Sabile’nin bir hayat hikayesi olacağı kimin aklına gelirdi? Meşhurluğuna meşhurdu, tanınmışlığına tanınmıştı zavallı. Dillere destanlığı vardı kendi arasında. Amma nişlesin bu türlüsünü? Yine batsın meşhurluk, tanınmışlık böyle. Kime götürsün de satsın? Kim alır, kim ortaklaşır? Saçını çekiştirip de arkasından:

-Sabile, deli Sabile! Diye bağıran mahalle çocuklarına mı yoksa kocaman kazık gibi heriflere mi? Saçlarına sakallarına bakmazlar, üstelik utanmadan matrak geçerler. Onların da ayrı bir söyleyişleri vardır:

-Kız Sabile dostun gelmiş! Kız, memen gözüküyor. Sabile bir öpücük ver, bak sene ne verecem?
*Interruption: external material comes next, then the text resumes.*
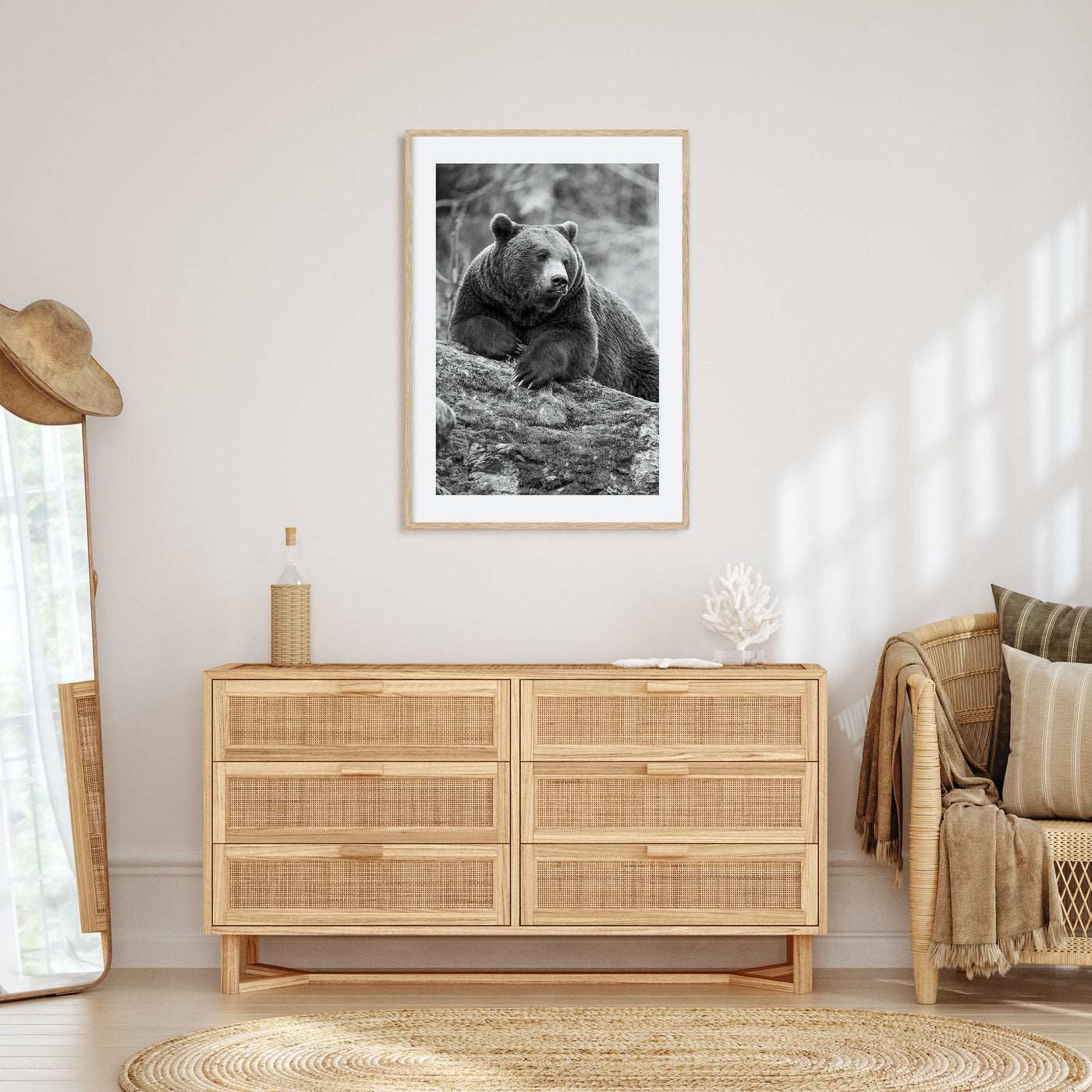Bear Photo B&W No 1 Poster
Yalan, verecekleri de yoktur, alacakları da. Maksat Sabile’ciği kızdırmak. Sabile, bunların bazılarına söver, gücü yetenlerine tokat, tekme vurur, yahut da bir köşeye geçip hüngür hüngür ağlar. Bunlar ne ise ne amma, ya şu çıtkırıldım hanımım diye gezenlere ne yaptı? Onlardan ne farkı var ki böyle kendisinden bucak bucak, köşe köşe kaçarlar. Bazen yanlarına bile sokmak istemezler. Dudak bükerler veya görmemiş olurlar. Üstelkik bir de çalımla geçerler. Göz süzüşleri, bel kırışları, kalça oynatışları yanlarına caba.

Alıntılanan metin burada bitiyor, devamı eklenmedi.